Which brings us to her draw, which was thorny the whole way, without a single round of respite. In the first round Osaka got Anastasia Pavlyuchenkova, a quarterfinalist at this event three out of the last four years, and in the second round Caroline Garcia, a former top-10 player with lots of heat; both were squished in straight sets. In the third round came the trickster apprentice Ons Jabeur, whose entertaining change-of-pace proved no challenge. Then came her only meaningful test: a fourth-round date with Garbiñe Muguruza, one of the few on tour who can match Osaka in the haymaker-trading rallies that she favors. Down 3-5 in the third and staring at two match points, Osaka seized four straight games, which was more or less the juncture I realized she was winning the tournament. In the quarterfinal came Hsieh Su-wei, the trickster supreme who has historically baffled Osaka, but this time her arsenal of junk fared like, well, junk under the barrage. Serena Williams was another straight-set fatality, felled by an echo of her younger self. And then came Brady, totally outclassed.
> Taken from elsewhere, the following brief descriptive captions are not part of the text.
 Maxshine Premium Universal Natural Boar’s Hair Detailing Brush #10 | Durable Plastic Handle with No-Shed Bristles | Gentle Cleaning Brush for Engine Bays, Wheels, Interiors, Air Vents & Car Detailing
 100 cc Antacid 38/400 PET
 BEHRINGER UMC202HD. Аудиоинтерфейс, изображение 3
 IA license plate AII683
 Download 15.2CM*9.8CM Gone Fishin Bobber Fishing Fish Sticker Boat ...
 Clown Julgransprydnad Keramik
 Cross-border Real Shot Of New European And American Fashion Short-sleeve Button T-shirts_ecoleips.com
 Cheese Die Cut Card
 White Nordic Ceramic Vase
In the full span, Osaka made it look easy. But in each of her four major-winning runs, she's found herself in at least one moment of extreme scoreboard duress. Seeing them all in one place is a testament to her powerful brain:

Having made it through the fire each time, she now becomes just the third player in the Open Era, on either tour, to win in their first four major finals, after Monica Seles and Roger Federer. She's filling a void. With these four titles she single-handedly comprises tennis's middle class among active players, drifting alone between the scattered one-off winners and the 30-something all-timers.
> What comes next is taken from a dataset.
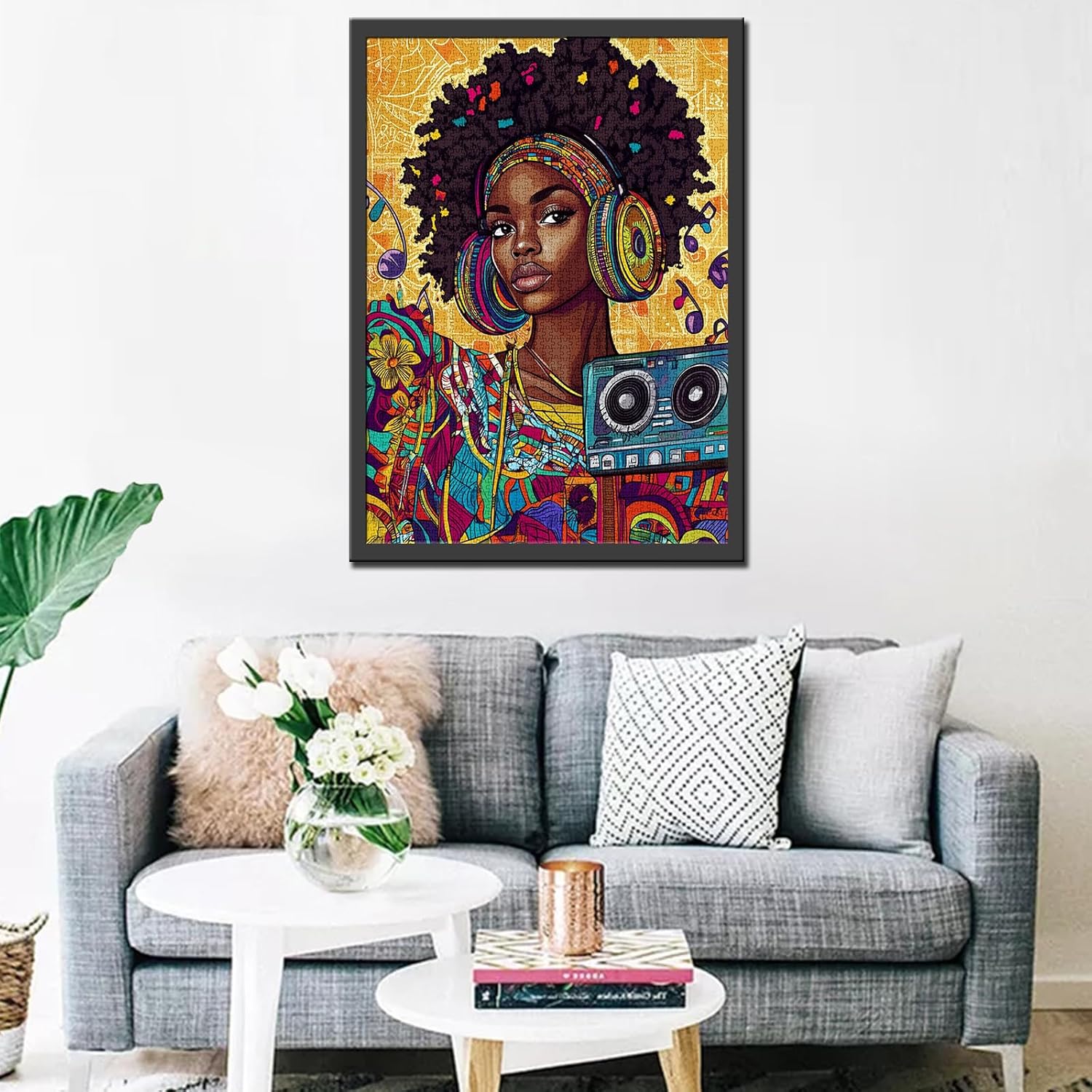 Rock and Roll Girl 1000-Piece Artistic Jigsaw Puzzle Rock and Roll Girl 1000-Piece Artistic Jigsaw Puzzle - Image 2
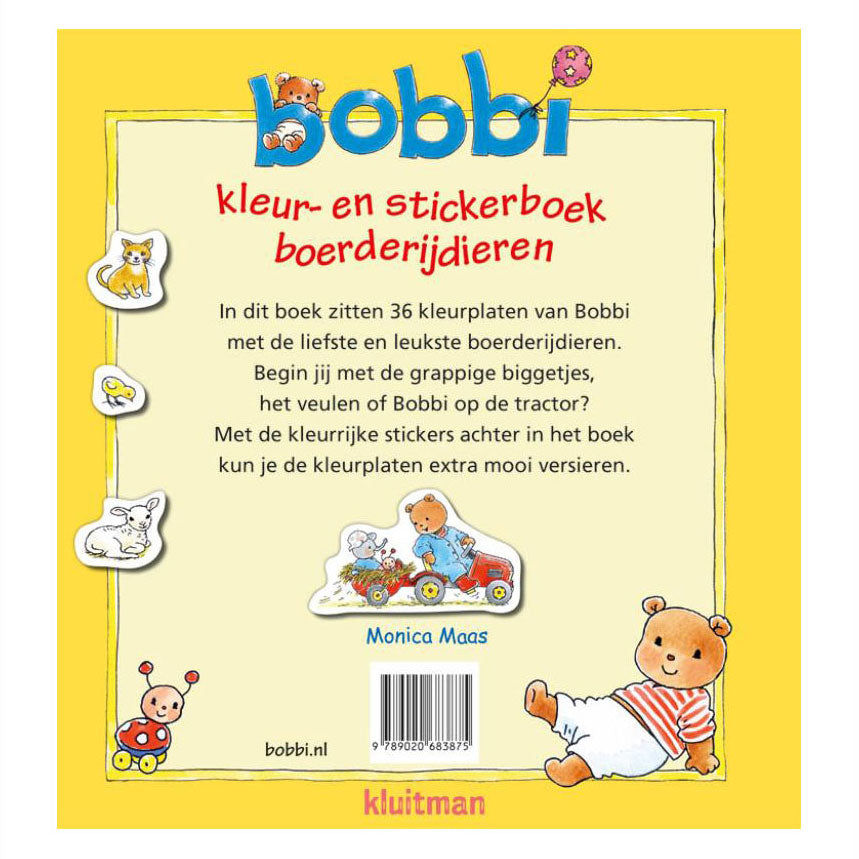Vydavatel Kluitman Bobbi Color and Sticker Book hospodářská zvířata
Which is a good occasion to remember that she is just 23 years old, and has yet to find her bearings on clay or grass. For all Naomi Osaka has already done, there's so much more she can still do. Getting used to new surfaces will be mostly a matter of tweaking footwork and accounting for less predictable bounces. Her huge serve alone can carry her deep into a Wimbledon. The improved mobility and defense she showcased this season will pay dividends in clay's longer rallies. Developing a little more of an off-speed game will also help on all surfaces; she has about as many major titles as drop shots I've ever seen her attempt, and a slice can be a bailout in those few instances you can't quite bludgeon a backhand at 90 mph. But while it is good to have these options available, in tennis, a simple game plan is often more than enough. There is no virtue in variety for variety's sake. The point is to win. Certainly it's hard for anyone to say that you're doing anything at all wrong when you are the best-paid female athlete ever and well on your way to tennis legend.